The developed system generates stochastic models of “elementary sounds” (ES) derivated from the provided speech data in various languages. These ESs are used as building blocks for speech modelling instead of conventional phoneme based models. We have recently adopted this approach to the task of generic sound modelling and retrieval [ 3 ] with promising results. The approach in [ 3 ] is built on the assumption that, in general, many types of generic sounds can be modelled as a sequences of ES units, which are picked from a sufficiently large (much greater than the number of speech units), though finite inventory. Due to the diverse nature of generic sounds, it is infeasible to create an acoustical form of the elementary units; instead the ESs can be defined only by their stochastic models.

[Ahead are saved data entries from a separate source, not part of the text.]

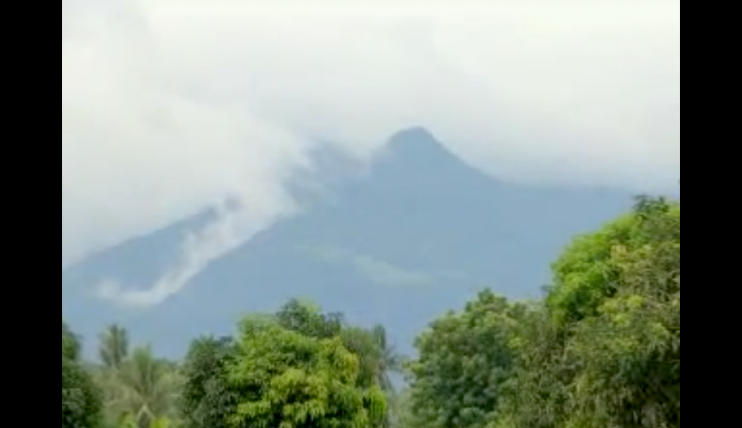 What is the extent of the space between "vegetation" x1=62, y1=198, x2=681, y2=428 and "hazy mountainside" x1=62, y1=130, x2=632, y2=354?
29.8m

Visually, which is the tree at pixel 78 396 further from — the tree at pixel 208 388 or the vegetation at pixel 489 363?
the tree at pixel 208 388

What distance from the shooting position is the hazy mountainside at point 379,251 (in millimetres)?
45000

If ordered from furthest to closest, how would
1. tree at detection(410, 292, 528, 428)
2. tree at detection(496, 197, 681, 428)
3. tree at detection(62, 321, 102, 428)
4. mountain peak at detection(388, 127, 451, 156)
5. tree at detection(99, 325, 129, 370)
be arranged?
mountain peak at detection(388, 127, 451, 156) → tree at detection(99, 325, 129, 370) → tree at detection(410, 292, 528, 428) → tree at detection(62, 321, 102, 428) → tree at detection(496, 197, 681, 428)

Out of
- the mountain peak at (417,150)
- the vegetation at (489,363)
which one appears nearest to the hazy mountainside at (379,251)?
the mountain peak at (417,150)

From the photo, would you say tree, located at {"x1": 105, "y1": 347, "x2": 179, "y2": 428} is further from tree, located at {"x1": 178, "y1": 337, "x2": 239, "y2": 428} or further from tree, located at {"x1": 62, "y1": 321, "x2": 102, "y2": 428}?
tree, located at {"x1": 62, "y1": 321, "x2": 102, "y2": 428}

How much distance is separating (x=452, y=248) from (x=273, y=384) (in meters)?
37.6

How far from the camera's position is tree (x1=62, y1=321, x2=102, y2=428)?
9302 millimetres

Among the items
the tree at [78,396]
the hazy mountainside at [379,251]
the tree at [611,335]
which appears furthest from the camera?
the hazy mountainside at [379,251]

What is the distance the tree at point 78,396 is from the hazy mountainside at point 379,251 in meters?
33.5

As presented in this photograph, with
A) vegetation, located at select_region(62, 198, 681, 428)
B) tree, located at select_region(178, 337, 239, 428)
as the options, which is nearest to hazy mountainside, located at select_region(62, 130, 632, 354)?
vegetation, located at select_region(62, 198, 681, 428) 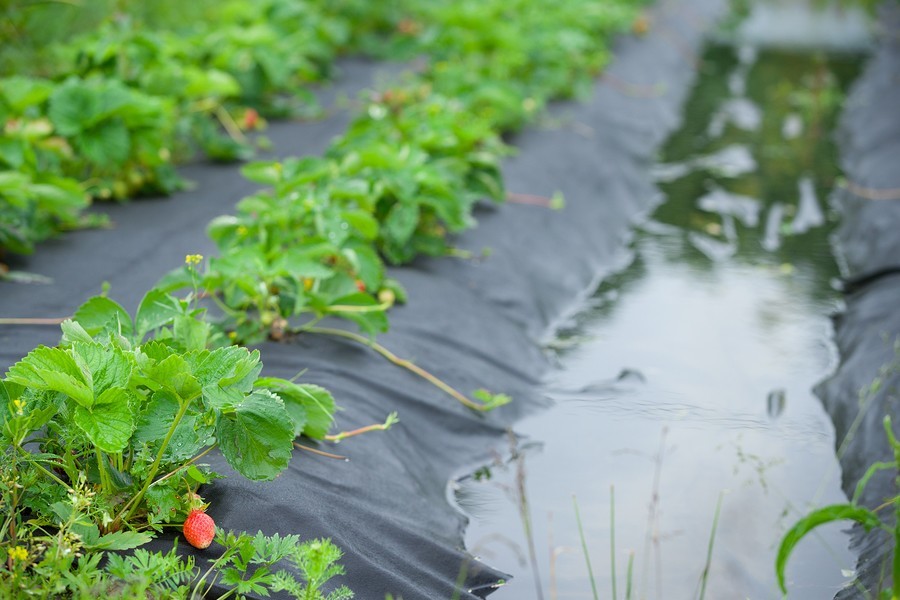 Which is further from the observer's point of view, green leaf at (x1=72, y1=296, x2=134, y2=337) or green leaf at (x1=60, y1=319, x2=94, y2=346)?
green leaf at (x1=72, y1=296, x2=134, y2=337)

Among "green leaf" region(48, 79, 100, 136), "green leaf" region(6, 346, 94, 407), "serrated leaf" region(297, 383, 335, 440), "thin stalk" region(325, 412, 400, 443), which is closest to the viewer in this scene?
"green leaf" region(6, 346, 94, 407)

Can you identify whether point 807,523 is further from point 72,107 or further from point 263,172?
point 72,107

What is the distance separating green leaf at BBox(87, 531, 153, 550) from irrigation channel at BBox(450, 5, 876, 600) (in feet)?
2.20

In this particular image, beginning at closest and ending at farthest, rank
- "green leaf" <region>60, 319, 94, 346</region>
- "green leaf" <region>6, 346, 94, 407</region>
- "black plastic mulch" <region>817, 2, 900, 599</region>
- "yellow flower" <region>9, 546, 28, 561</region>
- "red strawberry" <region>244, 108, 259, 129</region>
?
"yellow flower" <region>9, 546, 28, 561</region> → "green leaf" <region>6, 346, 94, 407</region> → "green leaf" <region>60, 319, 94, 346</region> → "black plastic mulch" <region>817, 2, 900, 599</region> → "red strawberry" <region>244, 108, 259, 129</region>

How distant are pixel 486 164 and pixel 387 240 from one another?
29.6 inches

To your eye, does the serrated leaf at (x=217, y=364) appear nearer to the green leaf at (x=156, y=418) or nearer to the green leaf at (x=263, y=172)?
the green leaf at (x=156, y=418)

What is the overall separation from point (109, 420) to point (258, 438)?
0.27 meters

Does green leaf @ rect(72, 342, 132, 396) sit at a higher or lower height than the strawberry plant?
Answer: higher

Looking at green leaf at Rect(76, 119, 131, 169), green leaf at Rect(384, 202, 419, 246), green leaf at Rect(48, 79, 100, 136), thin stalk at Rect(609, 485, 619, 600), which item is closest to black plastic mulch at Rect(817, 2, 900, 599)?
thin stalk at Rect(609, 485, 619, 600)

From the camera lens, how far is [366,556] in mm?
2092

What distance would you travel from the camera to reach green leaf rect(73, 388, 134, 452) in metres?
1.73

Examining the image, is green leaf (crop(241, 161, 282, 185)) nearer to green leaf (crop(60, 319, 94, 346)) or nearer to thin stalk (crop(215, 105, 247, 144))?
green leaf (crop(60, 319, 94, 346))

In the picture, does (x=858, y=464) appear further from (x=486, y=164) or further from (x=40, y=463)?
(x=40, y=463)

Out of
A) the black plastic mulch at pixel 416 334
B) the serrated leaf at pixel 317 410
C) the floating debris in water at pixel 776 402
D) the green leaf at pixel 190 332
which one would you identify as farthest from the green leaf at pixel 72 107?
the floating debris in water at pixel 776 402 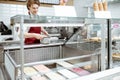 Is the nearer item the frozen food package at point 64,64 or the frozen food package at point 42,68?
the frozen food package at point 42,68

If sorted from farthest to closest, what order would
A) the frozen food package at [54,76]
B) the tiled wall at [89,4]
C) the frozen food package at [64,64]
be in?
1. the tiled wall at [89,4]
2. the frozen food package at [64,64]
3. the frozen food package at [54,76]

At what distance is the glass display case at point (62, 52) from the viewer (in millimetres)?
889

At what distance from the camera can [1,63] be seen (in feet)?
4.51

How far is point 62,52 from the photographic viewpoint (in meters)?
1.67

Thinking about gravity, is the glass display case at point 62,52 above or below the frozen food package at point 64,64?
above

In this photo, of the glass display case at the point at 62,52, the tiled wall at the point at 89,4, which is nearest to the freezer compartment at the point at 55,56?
the glass display case at the point at 62,52

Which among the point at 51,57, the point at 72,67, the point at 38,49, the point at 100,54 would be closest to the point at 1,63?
the point at 38,49

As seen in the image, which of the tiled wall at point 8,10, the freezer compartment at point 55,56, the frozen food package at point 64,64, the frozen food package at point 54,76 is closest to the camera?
the frozen food package at point 54,76

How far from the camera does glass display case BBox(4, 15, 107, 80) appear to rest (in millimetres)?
889

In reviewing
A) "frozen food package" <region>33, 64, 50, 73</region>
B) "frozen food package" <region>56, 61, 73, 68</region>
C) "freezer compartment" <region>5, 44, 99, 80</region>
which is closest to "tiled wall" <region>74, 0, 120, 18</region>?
"freezer compartment" <region>5, 44, 99, 80</region>

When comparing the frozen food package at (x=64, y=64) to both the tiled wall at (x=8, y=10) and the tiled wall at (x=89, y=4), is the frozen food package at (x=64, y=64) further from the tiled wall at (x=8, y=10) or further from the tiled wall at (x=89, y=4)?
the tiled wall at (x=8, y=10)

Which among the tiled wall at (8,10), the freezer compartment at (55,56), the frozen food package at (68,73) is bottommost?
the frozen food package at (68,73)

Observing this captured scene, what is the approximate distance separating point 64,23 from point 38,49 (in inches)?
26.0

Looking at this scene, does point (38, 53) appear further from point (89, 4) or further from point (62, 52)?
point (89, 4) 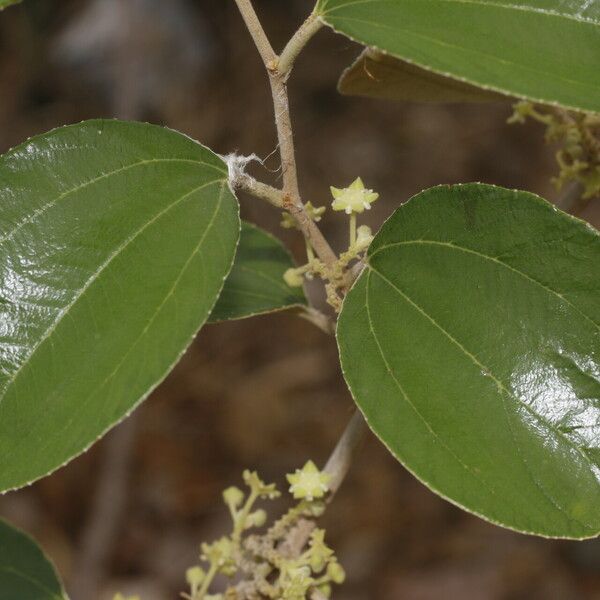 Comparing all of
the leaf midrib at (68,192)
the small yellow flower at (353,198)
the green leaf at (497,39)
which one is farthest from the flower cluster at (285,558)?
the green leaf at (497,39)

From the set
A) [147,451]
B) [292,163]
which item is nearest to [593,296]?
[292,163]

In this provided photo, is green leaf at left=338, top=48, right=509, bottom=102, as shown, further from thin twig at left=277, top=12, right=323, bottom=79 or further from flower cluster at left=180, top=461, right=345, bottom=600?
flower cluster at left=180, top=461, right=345, bottom=600

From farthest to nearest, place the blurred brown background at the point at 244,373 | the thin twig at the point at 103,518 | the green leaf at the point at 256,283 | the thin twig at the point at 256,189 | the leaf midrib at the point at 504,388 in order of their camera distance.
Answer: the blurred brown background at the point at 244,373 < the thin twig at the point at 103,518 < the green leaf at the point at 256,283 < the thin twig at the point at 256,189 < the leaf midrib at the point at 504,388

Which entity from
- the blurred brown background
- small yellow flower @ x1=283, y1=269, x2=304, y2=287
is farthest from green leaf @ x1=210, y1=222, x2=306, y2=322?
the blurred brown background

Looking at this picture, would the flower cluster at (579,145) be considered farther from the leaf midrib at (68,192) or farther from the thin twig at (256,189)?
the leaf midrib at (68,192)

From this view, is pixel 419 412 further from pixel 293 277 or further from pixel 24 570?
pixel 24 570

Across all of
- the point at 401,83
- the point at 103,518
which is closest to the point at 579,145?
the point at 401,83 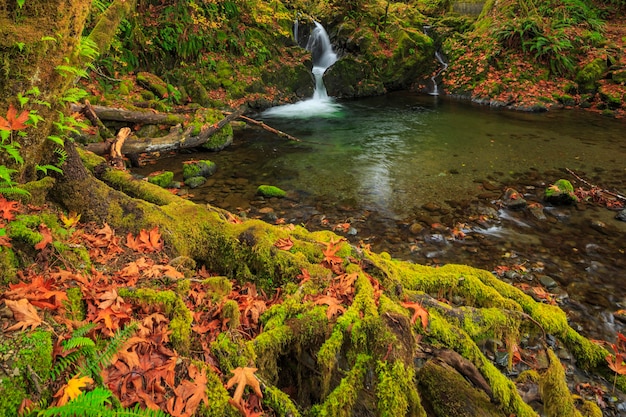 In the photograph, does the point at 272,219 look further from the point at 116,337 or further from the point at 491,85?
the point at 491,85

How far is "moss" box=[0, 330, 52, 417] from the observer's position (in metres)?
1.43

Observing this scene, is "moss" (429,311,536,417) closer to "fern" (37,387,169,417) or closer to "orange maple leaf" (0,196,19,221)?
"fern" (37,387,169,417)

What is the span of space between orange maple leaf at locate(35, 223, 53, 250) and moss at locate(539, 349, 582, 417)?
3780 millimetres

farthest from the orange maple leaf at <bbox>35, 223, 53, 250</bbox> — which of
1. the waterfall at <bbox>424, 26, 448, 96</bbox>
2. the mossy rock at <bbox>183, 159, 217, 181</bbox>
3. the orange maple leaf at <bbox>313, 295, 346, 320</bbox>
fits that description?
the waterfall at <bbox>424, 26, 448, 96</bbox>

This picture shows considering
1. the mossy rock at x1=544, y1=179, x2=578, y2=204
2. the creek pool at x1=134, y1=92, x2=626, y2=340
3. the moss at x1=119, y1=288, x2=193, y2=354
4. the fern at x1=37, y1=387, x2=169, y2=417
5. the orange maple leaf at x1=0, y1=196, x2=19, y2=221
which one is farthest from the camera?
the mossy rock at x1=544, y1=179, x2=578, y2=204

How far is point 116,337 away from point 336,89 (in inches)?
827

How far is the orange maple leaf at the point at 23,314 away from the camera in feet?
5.61

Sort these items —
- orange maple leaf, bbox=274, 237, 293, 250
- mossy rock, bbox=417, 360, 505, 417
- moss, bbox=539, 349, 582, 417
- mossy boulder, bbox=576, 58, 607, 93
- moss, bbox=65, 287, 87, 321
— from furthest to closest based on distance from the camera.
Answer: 1. mossy boulder, bbox=576, 58, 607, 93
2. orange maple leaf, bbox=274, 237, 293, 250
3. moss, bbox=539, 349, 582, 417
4. mossy rock, bbox=417, 360, 505, 417
5. moss, bbox=65, 287, 87, 321

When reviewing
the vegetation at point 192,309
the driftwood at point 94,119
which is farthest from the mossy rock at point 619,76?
the driftwood at point 94,119

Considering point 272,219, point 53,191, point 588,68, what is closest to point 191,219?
point 53,191

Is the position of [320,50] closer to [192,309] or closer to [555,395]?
[192,309]

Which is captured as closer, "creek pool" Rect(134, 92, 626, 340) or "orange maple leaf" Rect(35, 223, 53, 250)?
"orange maple leaf" Rect(35, 223, 53, 250)

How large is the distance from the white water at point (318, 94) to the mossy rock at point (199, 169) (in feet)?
25.1

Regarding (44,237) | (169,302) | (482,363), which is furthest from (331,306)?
(44,237) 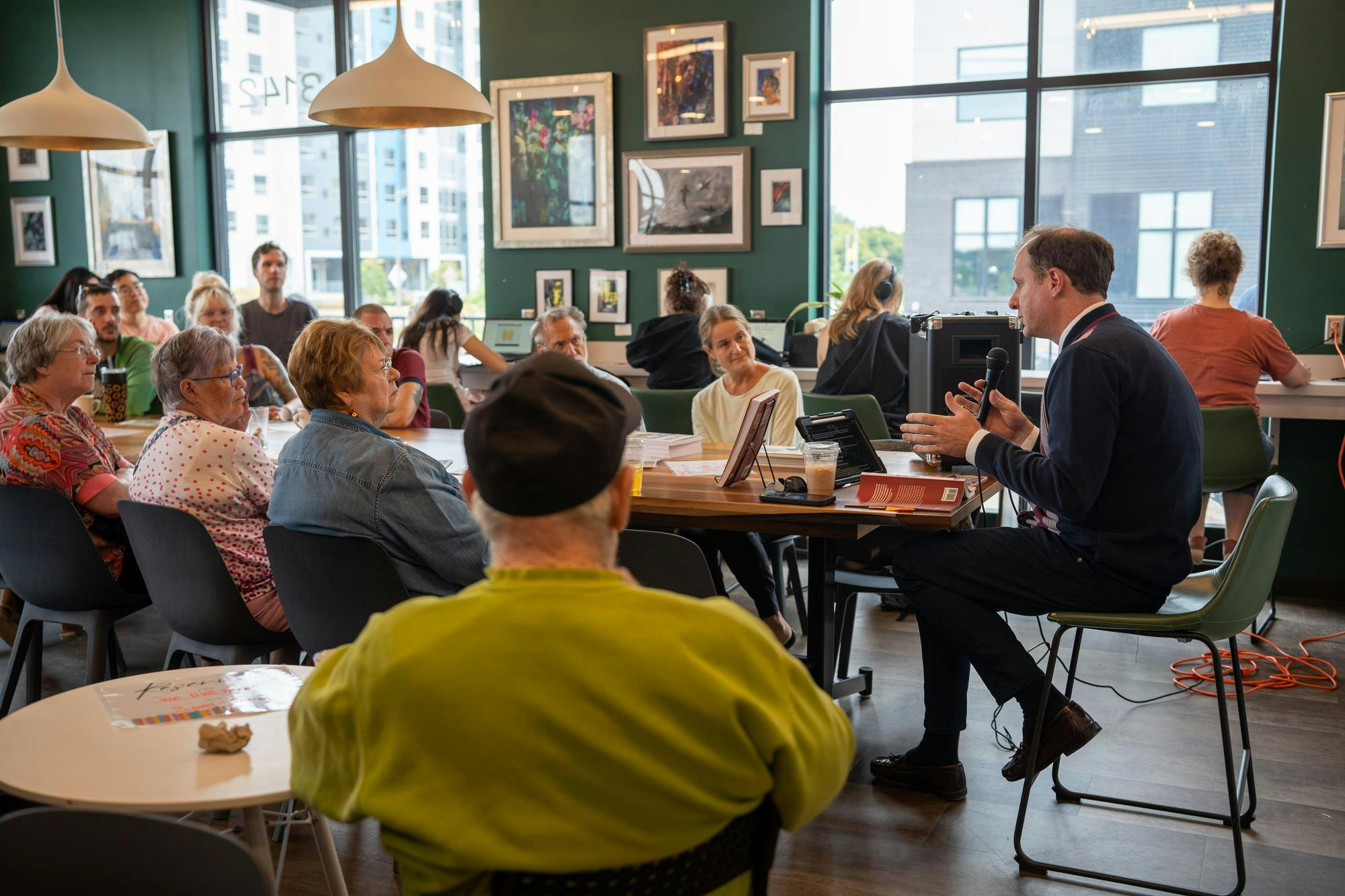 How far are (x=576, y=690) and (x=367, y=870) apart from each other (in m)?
1.80

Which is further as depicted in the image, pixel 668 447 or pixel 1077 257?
pixel 668 447

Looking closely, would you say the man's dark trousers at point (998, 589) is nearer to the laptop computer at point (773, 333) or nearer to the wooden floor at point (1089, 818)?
the wooden floor at point (1089, 818)

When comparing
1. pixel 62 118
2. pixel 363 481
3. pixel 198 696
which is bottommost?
pixel 198 696

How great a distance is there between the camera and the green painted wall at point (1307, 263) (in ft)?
16.5

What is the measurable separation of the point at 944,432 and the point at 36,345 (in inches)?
95.2

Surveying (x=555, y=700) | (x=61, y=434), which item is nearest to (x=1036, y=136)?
(x=61, y=434)

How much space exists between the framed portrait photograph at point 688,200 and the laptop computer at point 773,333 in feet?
1.55

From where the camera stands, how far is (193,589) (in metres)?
2.58

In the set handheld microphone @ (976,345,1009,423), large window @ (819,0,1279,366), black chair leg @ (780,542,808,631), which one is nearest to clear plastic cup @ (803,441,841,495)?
handheld microphone @ (976,345,1009,423)

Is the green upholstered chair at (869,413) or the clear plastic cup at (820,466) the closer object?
the clear plastic cup at (820,466)

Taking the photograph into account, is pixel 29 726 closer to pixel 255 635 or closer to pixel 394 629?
pixel 394 629

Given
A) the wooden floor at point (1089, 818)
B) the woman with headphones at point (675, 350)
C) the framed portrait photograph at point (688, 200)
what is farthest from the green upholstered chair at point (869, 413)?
the framed portrait photograph at point (688, 200)

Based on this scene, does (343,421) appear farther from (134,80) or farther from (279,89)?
(134,80)

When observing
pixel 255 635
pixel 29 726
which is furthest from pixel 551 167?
pixel 29 726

System layout is depicted in Figure 1. Each utterance (query) is modelled by a HMM-based statistical model. Due to lack of information about language and linguistic structure of the utterances, obviously, models of phonemes (or any other linguistic units) could not be built in advance. Instead, we have proposed to build models of language-independent quasi phoneme-like ES units with aid of unsupervised clustering. Then, the HMM for each query is built up by concatenation of such ES models (or fillers). Searching the query over the database is performed by Viterbi decoding [ 2 ]. The decoder generates output cumulative probabilities (confidence) and starting positions, from which the cumulative probabilities were computed. Candidates for search results are obtained by thresholding the confidence curve. We used only the provided SWS2013 development data during system development.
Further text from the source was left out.